I've started a bunch of projects. Like, *a lot*. Some of them were projects I spent a good deal of time and work on that just petered out, and some of them were quick experimental prototypes that I spent almost no time on. However, there is always a common theme when I start a new project: I get this electric excitement, the dopamine hit of a new idea, some core mechanic that feels awesome, something that makes me go “hell yeah, this could be it.” I dive in headfirst, prototype, tweak, get all the core mechanics implemented, and get it to a point where it’s genuinely playable. And then... the buzz fades.

This is where “shiny object syndrome” kicks in and some new idea pops up, or I realize how much content I'd like to add to consider the game actually finished, and suddenly I'm looking for any excuse to abandon ship.

Getting really deep into working on core mechanics or working on a level editor tool? Love it. Building out what I consider the boring bits, like UI polish or 40 more unique levels? My brain just nopes out. To add a little bit more onto this notion, lately, I've come to realize that I just generally struggle with adding content to my games. To address this moving forward, I'm thinking about making content creation a more procedural process. For example, instead of manually designing levels and items, I plan to explore utilizing procedural generation techniques to create them more dynamically...

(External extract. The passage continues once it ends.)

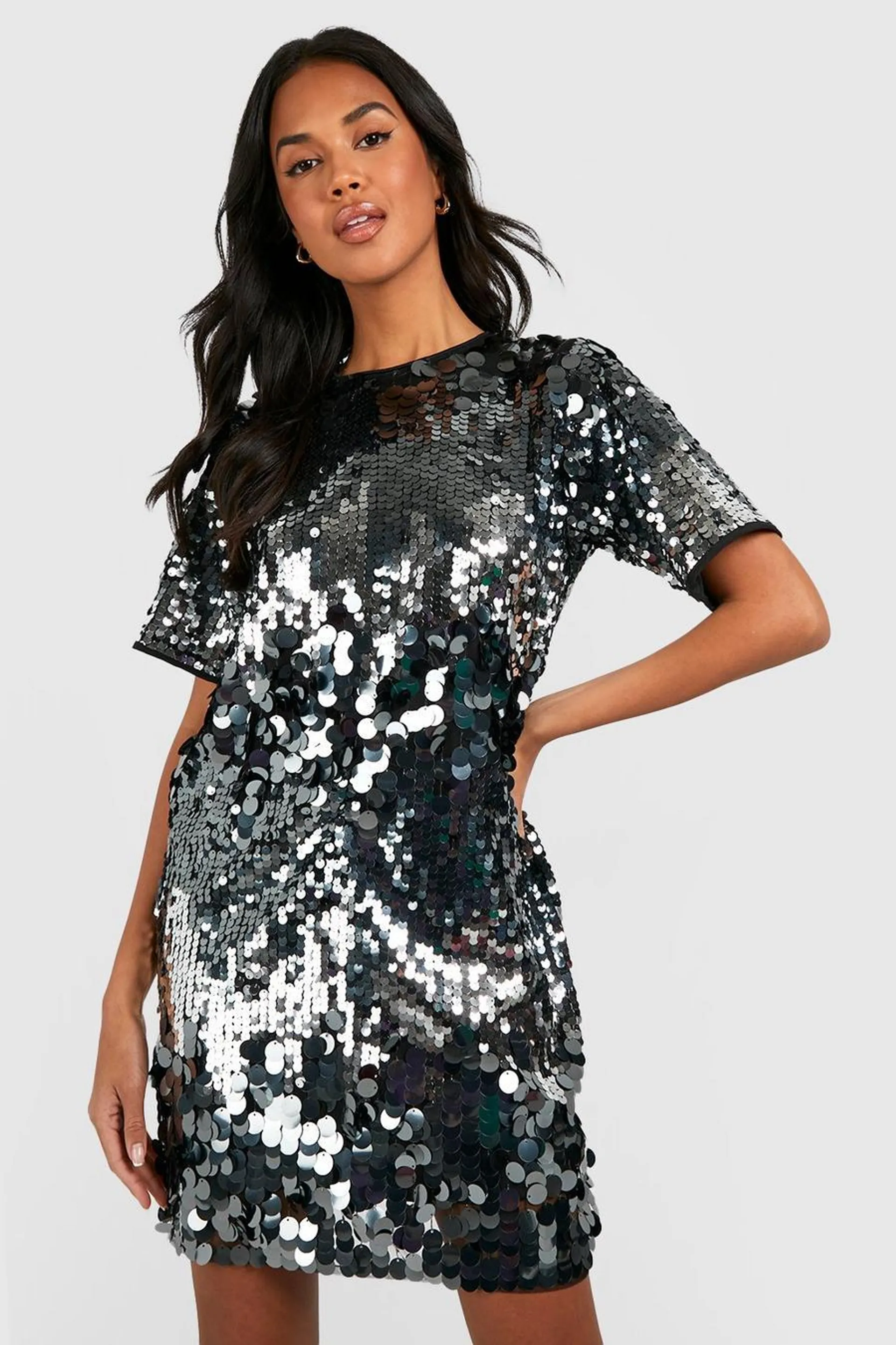 Disc Sequin Oversized T-shirt Party Dress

Anyway, I've got pretty bad ADHD and I know that's also a big part of it. I've struggled with this through most of my life and it has effected me greatly. Hyperfocus gets me through the important and early stuff, but once the novelty dies off, staying "locked in" is a daily battle. I've come to realize that without some kind of structure, like a deadline for example, I spiral into endless tweaking or just straight-up ghosting my own project.

What I've realized is that I probably *need* a deadline. Like, a real one. Self-imposed, sure, but something I treat like it's basically the law. If I say it's due in a month, then a months later it's done, bugs and all, even if it's not perfect. Because if I wait to feel “ready” or “inspired”, I'll never finish a damn thing. And maybe that's fine for some people, but it's killing my momentum and confidence as a dev.

So yeah, this is me saying out loud basically that I'm tired of leaving stuff half-baked. I'm gonna give myself hard a stop. And when that date hits? The game ships. Even if it's rough. Even if it's janky. Done is better than dead, right?